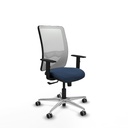 Zulema sincro malla blanca similpiel azul marino brazos 1D base aluminio  ruedas 65mm engomadas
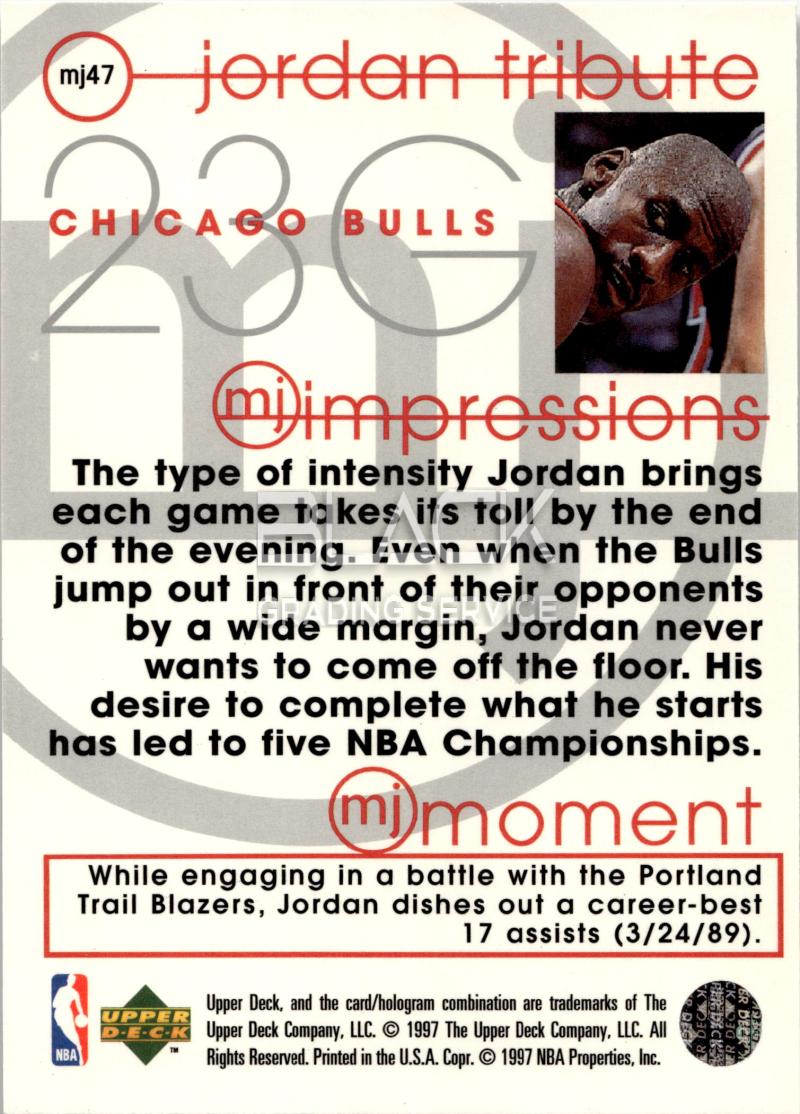 Back - Upper Deck Jordan Tribute-mj Impressions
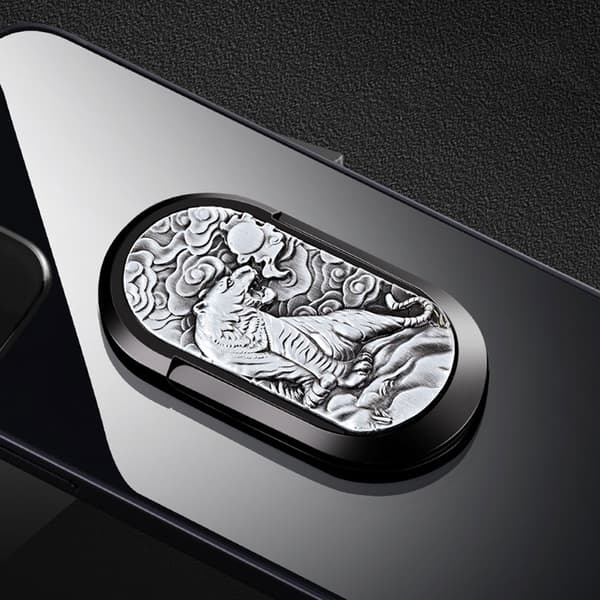 Telefonstativ med lighter 2 i 1 elektriske lightere med telefonringer USB oppladbare lightere menn presenterer Silver Dragon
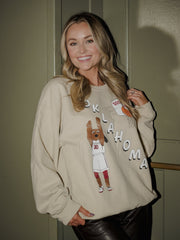 OU Sooners Retro Basketball Sand Thrifted Sweatshirt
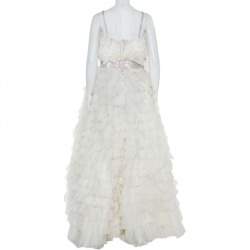 Pre Owned Dolce & Gabbana White Ruffled Silk Embellished Belt Detail Wedding Gown S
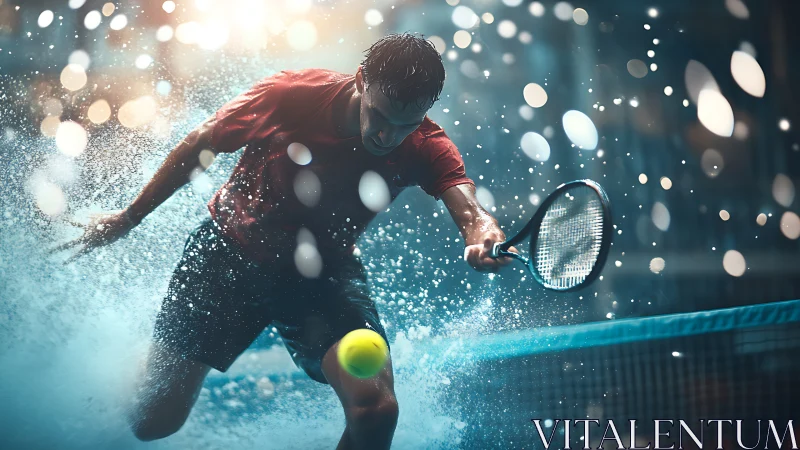 Dynamic tennis player dives through water in powerful rally.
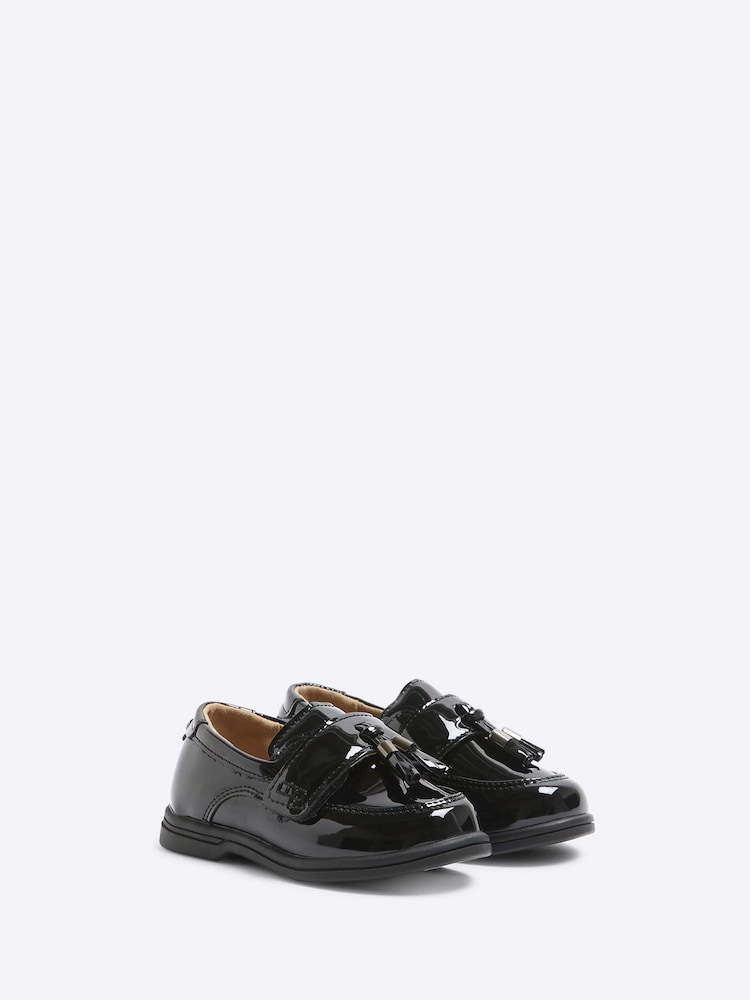 River Island Black Boys Patent Loafers - Image 2 of 4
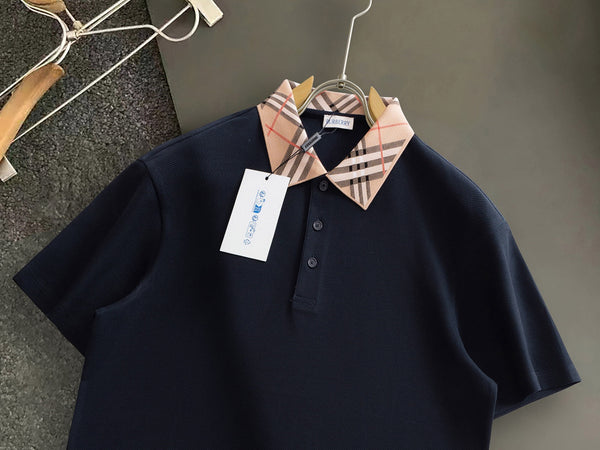 Burberry Men Check Colla Polo Shirt Black Cotton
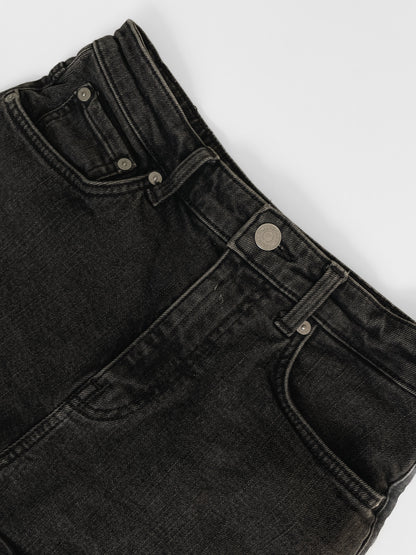 Black Wash High Waisted Denim Shorts
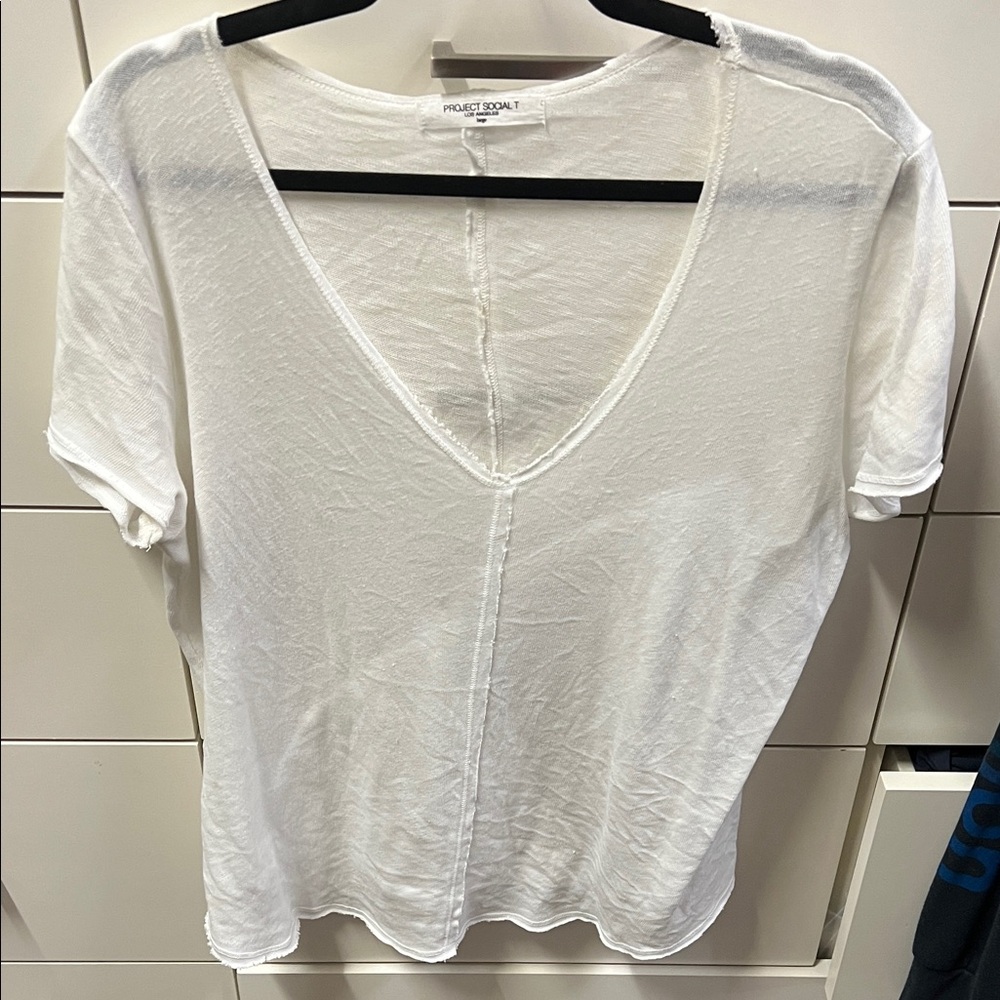 Project Social T White V-Neck Short Sleeve Tee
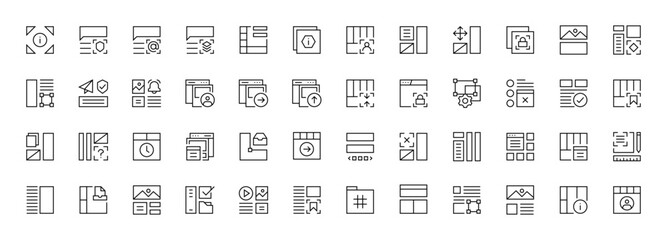 User interface outline icons collection. Essential, interface components and more. Editable stroke. Pixel perfect.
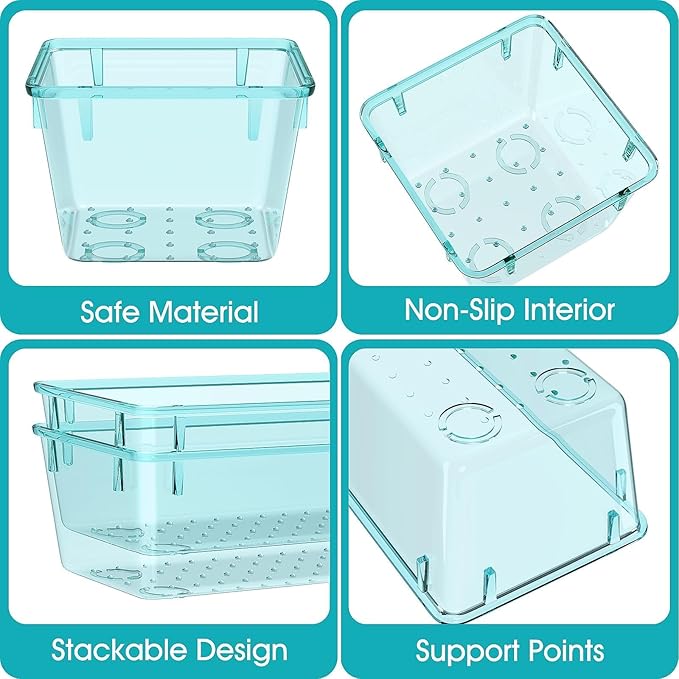 StorMiracle 23 PCS Clear Plastic Drawer Organizers Set, 4 Size Desk Drawer - Image 3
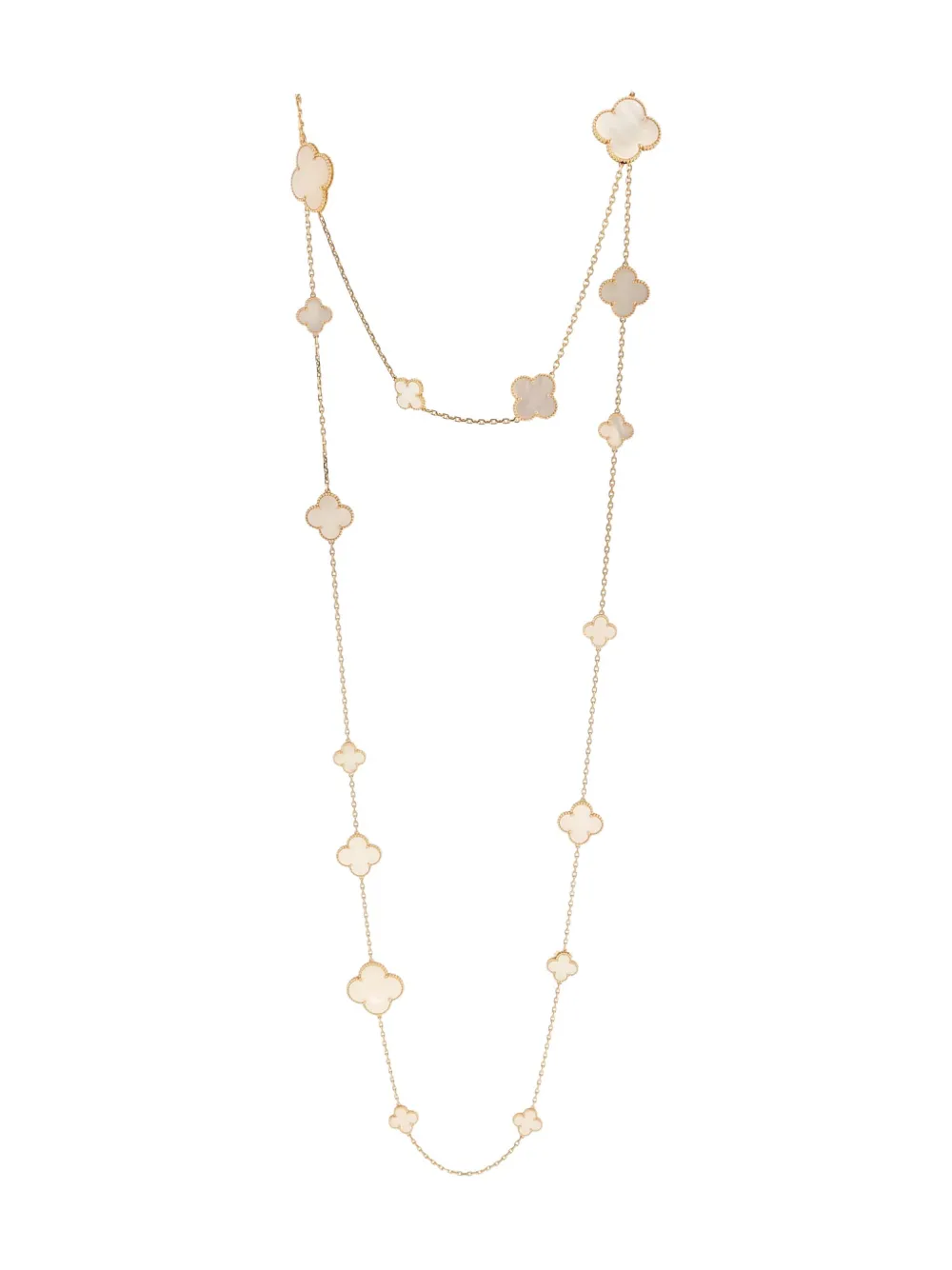 Pre-owned Van Cleef & Arpels Vintage Yellow Gold Luck Mother Of Pearl Necklace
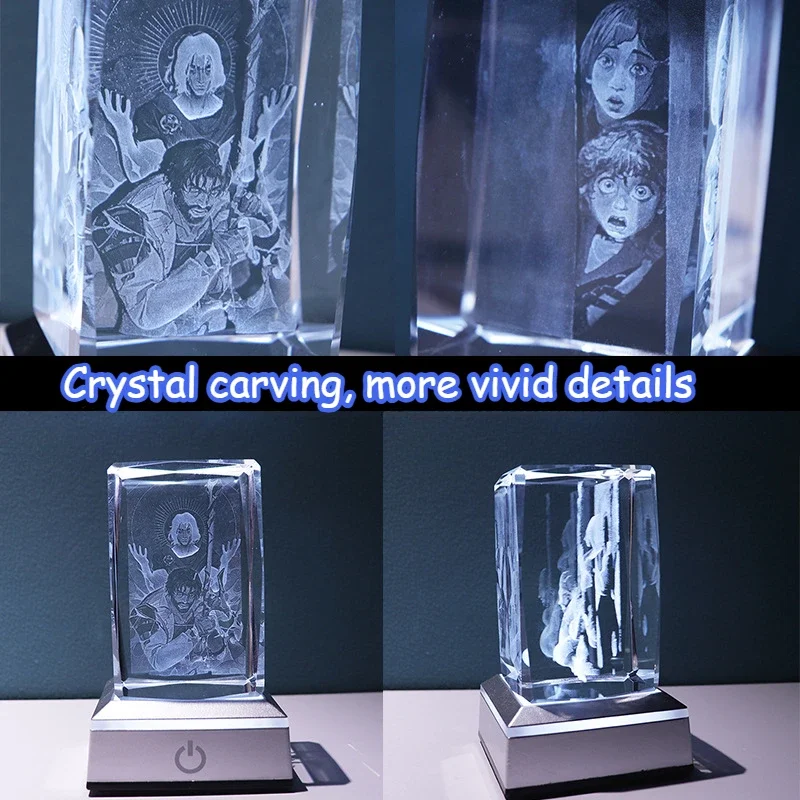 Arcane2 Ekko&Powder/Jinx Collectibles 3D Crystal Glass Colored Lamp Holders Souvenirs Three-dimensional Sculptures Couple Gifts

|---|

◆ **Problem**:
Exactly as written, repeat the lines of the material above from the first through the line holding "Pre-owned Van Cleef", with both ends in the copy and no pictures.

◆ **Answer below**:
 Zulema sincro malla blanca similpiel azul marino brazos 1D base aluminio  ruedas 65mm engomadas
 Back - Upper Deck Jordan Tribute-mj Impressions
 Telefonstativ med lighter 2 i 1 elektriske lightere med telefonringer USB oppladbare lightere menn presenterer Silver Dragon
 OU Sooners Retro Basketball Sand Thrifted Sweatshirt
 Pre Owned Dolce & Gabbana White Ruffled Silk Embellished Belt Detail Wedding Gown S
 Dynamic tennis player dives through water in powerful rally.
 River Island Black Boys Patent Loafers - Image 2 of 4
 Burberry Men Check Colla Polo Shirt Black Cotton
 Black Wash High Waisted Denim Shorts
 Project Social T White V-Neck Short Sleeve Tee
 User interface outline icons collection. Essential, interface components and more. Editable stroke. Pixel perfect.
 StorMiracle 23 PCS Clear Plastic Drawer Organizers Set, 4 Size Desk Drawer - Image 3
 Pre-owned Van Cleef & Arpels Vintage Yellow Gold Luck Mother Of Pearl Necklace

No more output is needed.